Given a choice I would take a SL4 Roubaix hands down. If you come upon a deal on a SL3 Roubaix however...grab it. Mine is the best bike I have ever owned and I have owned a garage full of road bikes stacked up. 
Cheers.


----------



## Dunbar (Aug 8, 2010)

roadworthy said:


> First, I hate single bolt clamps and this seatpost is derivative of the Pave single bolt post which in my experience slips when riding rough roads. Also has a very high torque spec.


I'm not crazy about single bolt collars either. Which one do you recommend?


----------



## roadworthy (Nov 11, 2011)

Dunbar said:


> I'm not crazy about single bolt collars either. Which one do you recommend?


Hi Dunbar,
As you likely know, the book on seatposts is...2 bolt are always more secure and more micro adjustable than single bolt posts whether rotory like the Pave or vertical like say an old Campy serrated post which was also known to slip.
Many carbon posts to choose from. My favorite and the favorite of many riders in the pro peleton is the FSA K-force light. Its carbon, light and has moderate flex in 27.2mm dia. I have it on a couple of bikes. Rock solid...nice flex...not rigid like say a Thomson 2 bolt whichhas a great 2 bolt clamp but is too rigid for my taste and with little setback...FSA is not bouncy...no squeaks and NEVER slips...micro adjustable...I am fussy about saddle tilt and position and in fact my entire fit. 
Comes in 0 setback, 25mm and 32mm setback...so a good variety to pick based upon the setback you prefer for a given frame seat tube angle.

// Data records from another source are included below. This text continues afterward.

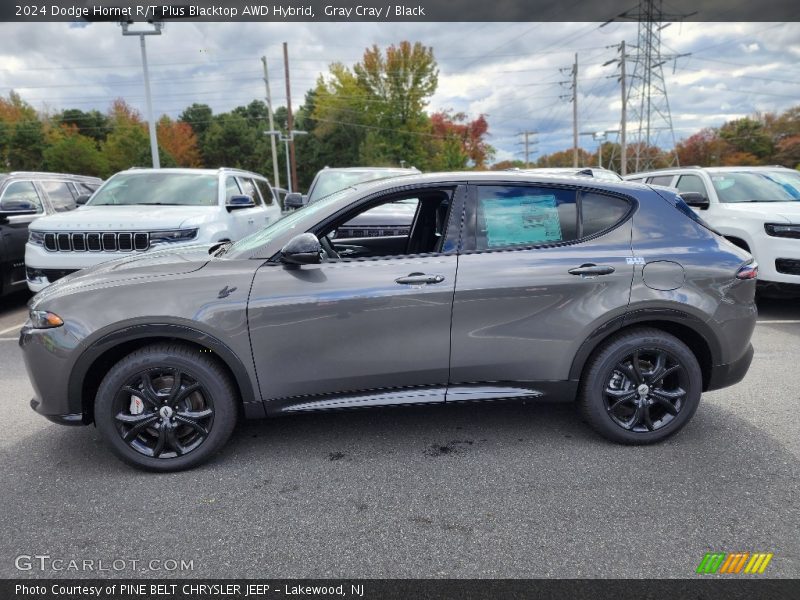  2024 Hornet R/T Plus Blacktop AWD Hybrid Gray Cray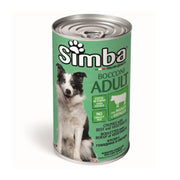 CIBO CANE MONGE SIMBA 1230 G BOCCONC MAN VERD- 1,0 pz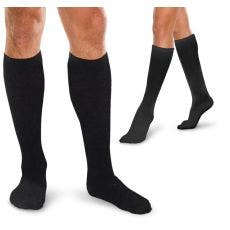 Core-Spun Sock, 15-20, Black SM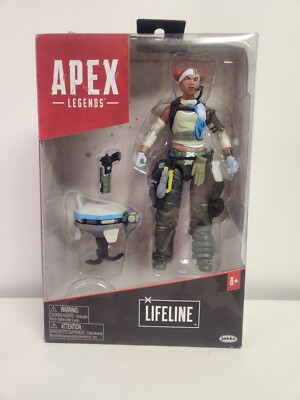 Jakks Pacific Apex Legends #18 Series 6 Lifeline 6 inch Action Figure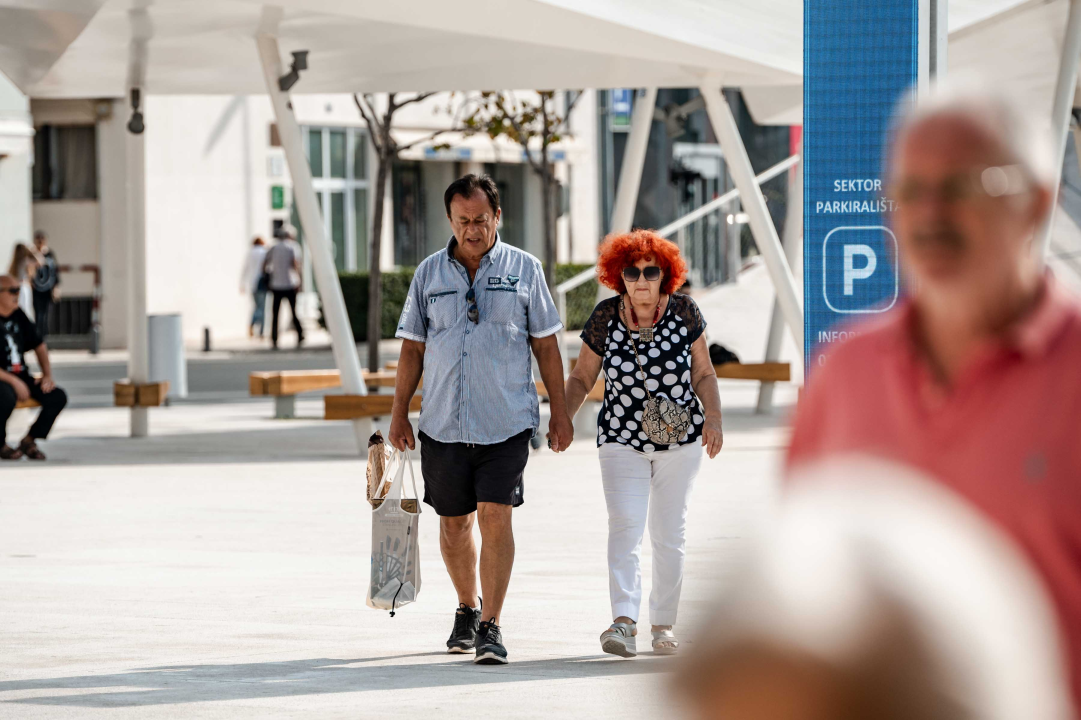 FOTO Đir po gradu, petak 13. listopada 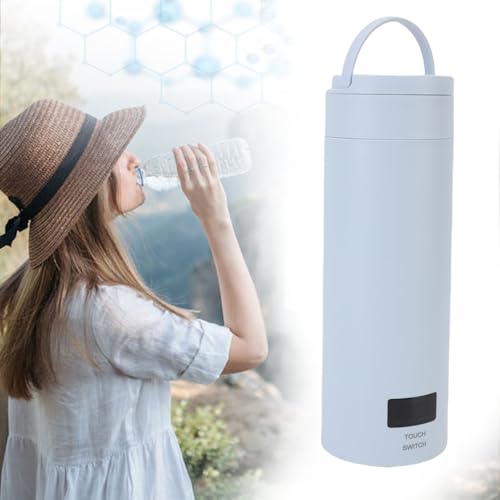 Tetera eléctrica portátil Bewinner 500ml acero inoxidable miniatura 5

Not cheap but not uber pricey like Zinn's post...another good one.
My suggestion is ebay your Spesh post and pick one up.
Hope that helps.


----------



## purdyd (Jun 18, 2010)

Dunbar said:


> I'm not crazy about single bolt collars either. Which one do you recommend?


I guess I would say, give it a try first

I have a few thousand miles and some hard bumps on the goofily name cobl gobl which is now called something else and it hasn't slipped

and yes I've checked it with a level from time to time

it does look odd, adds a little weight, you have to adjust your saddle more nose down because it pivots with your weight

it does however, work and reduces shock and vibration through your seat

and while the pivot felt odd the first mile, don't even notice it anymore

and yes, the sl4 Roubaix is stiff in the drive train, every bit and more as stiff as my sl3 tarmac

frankly I am surprised, or maybe I am not paying much attention, that some of the more powerful riders don't race it on the tours outside the classics


----------



## Dunbar (Aug 8, 2010)

My bad guys, I was actually talking about the seat post collar. I'd like to switch to one with two bolts.


----------



## fflutterffly (Dec 1, 2014)

I own both bikes and could tell an immediate difference in the stiffness of the frame, the overall ride and the shock absorption. If you look at the Z's on the SL4 you'll see they are wrapped around the rear of the stay. Also, the diameter of the throat of the top tub at the headtube as well as at the seat tube, the seat tube itself at the BB lends It's the bike to a much snapper feel. I ride PCH In SoCal and find the 700x25 a much better choice in dealing with the constant surface changes, as well as shock. However, I did swap out the seatpost before I road the SL4 only because someone oh and ah'd and wanted to use the cobl gobl. My feeling about weight saving on a frame is for me to drop 10# and not give up durability. 
As for the seat post slipping, this has been a problem for me with the 2013 post. I get the bike set up perfectly, ride and when I get done with just 20 miles of rough road the seat has slipped. It's a literal pain in the arse, neck, shoulders and hands.

Now I'm itching to see what they do for 2015!!!


----------



## purdyd (Jun 18, 2010)

Carbon paste should help with slipping seat posts


----------